Glaze it right in the pan! One thin layer of glaze, then almonds, then another thin layer glues those crunchy babies right on top!
Let the glazed loaves cool completely before removing from pans. More hints can be found in the recipe that follows!
Isn’t it byootifull??
Just look at those adorable speckles and tender crumb!
Poppy Seed Bread
- 3 cups flour
- 2 1/4 cups sugar
- 1 1/2 tsp salt
- 1 1/2 tsp baking powder
- 3 Tbsp poppy seed
- 1 1/2 tsp almond extract
- 1 1/2 tsp butter flavoring
- 1 1/2 tsp vanilla
- 3 eggs
- 1 1/2 cups vegetable oil
- 1 1/2 cups milk
- 5-6 drops yellow food coloring (optional)
- 2 cups powdered sugar
- 1/4 cup lemon juice
- 1/2 tsp butter flavoring
- 1/2 tsp almond extract
- 1 tsp vanilla
- 2-3 Tbsp sliced almonds
- Pre-heat oven to 350 degrees. Grease bottom only of two standard 9" x 5" loaf pans.
- Mix dry ingredients together, then add eggs, extracts, milk, and oil and stir together just until all ingredients are moistened, scraping down the sides of the bowl once or twice. If you use a mixer, use low speed. You do not want to over-mix. The mixture will have the consistency of cake batter.
- Pour in loaf pans and bake for approximately one hour until toothpick or cake tester comes out clean.
- Make the glaze while the bread is baking because you will put it on the bread while it's still pretty warm. I like to put the glaze in a small pitcher for easy, even pouring.

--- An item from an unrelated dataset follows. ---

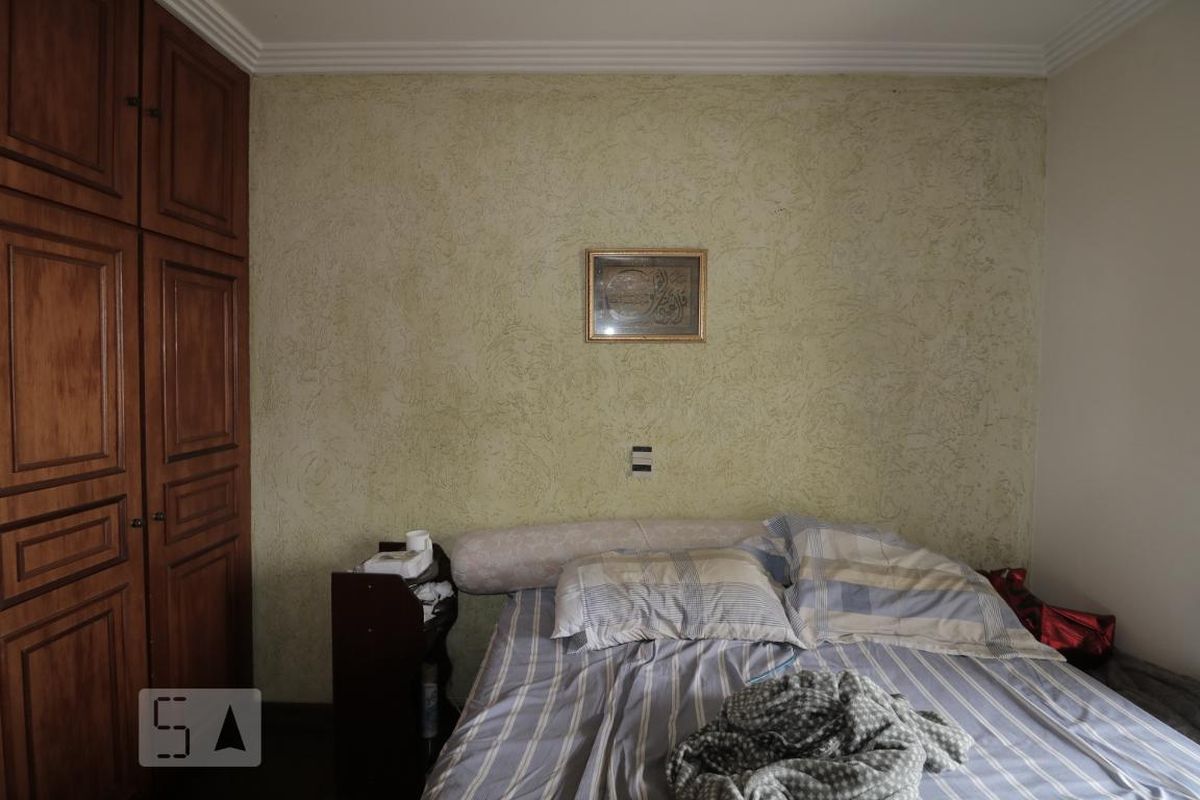 Apartamento, 2 quartos, 115 m² - Foto 46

- When the bread comes out of the oven and while still in the pan, let it cool for 5 minutes, then poke holes in it with a skewer or fork with skinny tines and pour glaze over the top. If you want to garnish with sliced almonds, glaze lightly, add almonds and glaze again to make the almonds stick.
- Let cool completely in the pan. To remove from pan run knife along edges of the loaf to loosen and turn the pan on side, tap and remove.
- Makes 2 nice loaves that can be cut into 16 slices. Freezes well, in fact, freezing seems to enhance the flavors.
Amount Per Serving: Calories: 152Total Fat: 2gSaturated Fat: 1gTrans Fat: 0gUnsaturated Fat: 1gCholesterol: 19mgSodium: 148mgCarbohydrates: 31gFiber: 1gSugar: 21gProtein: 3g
P.S. If you have trouble finding butter-flavored extract, surprise, surprise! Menards carries Watkins products, and their butter flavoring is the best of the best!
This would be a perfect thing to serve at a spring tea or shower! The bunnies are a-comin’! Hop to it! What’s your favorite quick bread recipe?
I have the cutest friend named Jean. She is an amazing cook and baker! She really made me giggle when she told me she always thought lemon desserts were only for Memorial Day and beyond. You know, sort of like wearing white. Don’t waste another day. Bake it now!